# New S&W sheild 9mm



## Perdido Duct Cleaning (Mar 13, 2012)

Just released by S&W

Smith and wesson sheild 9mm, single stack 

Thinner than G26, better trigger than a kahr

Only downside so far is weight 19 oz, so heavier than a kahr


Ive put 150rds thru mine, flawless, shoots great (similar to the PPS)

comes with a 7rd flush fit and an 8rd extended (if anyone buys a sheild and wants to, I will *trade* my extended mag for a *flush fit*, i dont use mags with pinky extensions)

if you have been looking for a carry piece and the g26 is too fat for you and you just dont like the kahr, then this is a good medium

under $449 street price

here is some online reviews for those who havent seen this gun, as of today no stores in Pcola have these in stock, been calling them every day, got mine from an FFL buddy who had one reserved

Trigger feels great, almost no travel, diffrent than a standard m&p trigger

Great IWB carry gun, too long for pocket carry *unless you can pocket carry a g26*


----------



## FrankwT (Jul 25, 2010)

Looks nice but I will stick with a Glock and 10 rds.


----------



## bama99 (Dec 20, 2009)

Looks nice! My wife has a PPS but prefers to carry her db380 most of the time. I have been carrying the PPS in a CrossBreed type holster inside the waist ban and it is VERY comfortable. I find it easy to carry an extra clip in the pocket as well.

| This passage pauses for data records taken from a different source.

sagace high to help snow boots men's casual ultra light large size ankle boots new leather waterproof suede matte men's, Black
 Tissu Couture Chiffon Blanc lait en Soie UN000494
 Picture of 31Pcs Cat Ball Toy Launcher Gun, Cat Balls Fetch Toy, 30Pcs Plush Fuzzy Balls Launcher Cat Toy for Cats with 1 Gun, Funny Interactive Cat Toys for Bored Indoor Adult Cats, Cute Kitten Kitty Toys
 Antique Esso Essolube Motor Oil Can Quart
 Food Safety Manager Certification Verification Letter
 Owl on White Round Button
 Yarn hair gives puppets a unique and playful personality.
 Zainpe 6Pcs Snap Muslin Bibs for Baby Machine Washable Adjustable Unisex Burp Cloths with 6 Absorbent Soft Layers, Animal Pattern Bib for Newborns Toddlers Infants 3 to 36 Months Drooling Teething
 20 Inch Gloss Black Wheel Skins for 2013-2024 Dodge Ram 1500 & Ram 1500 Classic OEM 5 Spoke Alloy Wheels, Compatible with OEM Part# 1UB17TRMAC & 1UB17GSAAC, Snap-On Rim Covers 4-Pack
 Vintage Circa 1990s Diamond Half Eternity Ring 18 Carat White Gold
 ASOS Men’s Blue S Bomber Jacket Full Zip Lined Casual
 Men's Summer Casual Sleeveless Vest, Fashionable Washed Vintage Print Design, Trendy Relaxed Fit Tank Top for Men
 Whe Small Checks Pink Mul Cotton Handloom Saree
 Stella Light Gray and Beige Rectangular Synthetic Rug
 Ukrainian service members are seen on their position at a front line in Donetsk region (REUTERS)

My XDm carries pretty good and would be the preferred option if shtf but I forget all about the PPS it's so comfortable. I think a single stack 9mm like the the PPS or the S&W Shield is ideal for everyday carry. 

I may have to check out the Shield and see if it shoots as straight as the PPS. The wife has made it clear that the PPS is not mine.


----------



## Perdido Duct Cleaning (Mar 13, 2012)

After owning multiple DB9s/380s i cannot trust them with my life, they just have too many problems for me (triggers breaking, frame seperation), but then again i shoot my carry guns, enough to trust them 

The only downfall i can see so far is the heavy 19 oz unloaded weight, for some guys that carry 1911s this is light, but for those used to pocket 380s, its twice their weight

If any problems occur i will post it, im not a fan of any company so i let it be known when i have any troubles that arent shooter related


----------



## 706Z (Mar 30, 2011)

Was looking at the S&W web sight and saw it yesterday,looks like a winner with out actually putting hands on or fired.I like so far.


----------



## PompChaser315 (Feb 18, 2011)

Fondled one today at Jimmys, picked up a PM9 instead


----------



## Perdido Duct Cleaning (Mar 13, 2012)

Yea the kahr cm/pm9 is smaller, easier too carry

the only thing this gun as over that is the trigger


If anyone buys a shield and wants to have 2 of the same mags, im willing to trade my new 8rd extended mag for a flush fit 7rd


----------



## PompChaser315 (Feb 18, 2011)

Yeah I was looking for a gun for pocket carry, and the PM9 fits the bill quite well. Gonna take it to the range this weekend to see how it shoots.. Was looking at a PPS also but if I go single stack again I will consider the Shield as well.. Keep us updated on how that thing performs..


----------



## aaronious45 (Dec 15, 2011)

FUPAGUNT said:


> Yeah I was looking for a gun for pocket carry, and the PM9 fits the bill quite well. Gonna take it to the range this weekend to see how it shoots.. Was looking at a PPS also but if I go single stack again I will consider the Shield as well.. Keep us updated on how that thing performs..


I heard (from you) that glock is putting out a new 1911, you should just carry one of those!


----------



## aaronious45 (Dec 15, 2011)

Does it have different backs traps for the grip?


----------



## PompChaser315 (Feb 18, 2011)

aaronious45 said:


> I heard (from you) that glock is putting out a new 1911, you should just carry one of those!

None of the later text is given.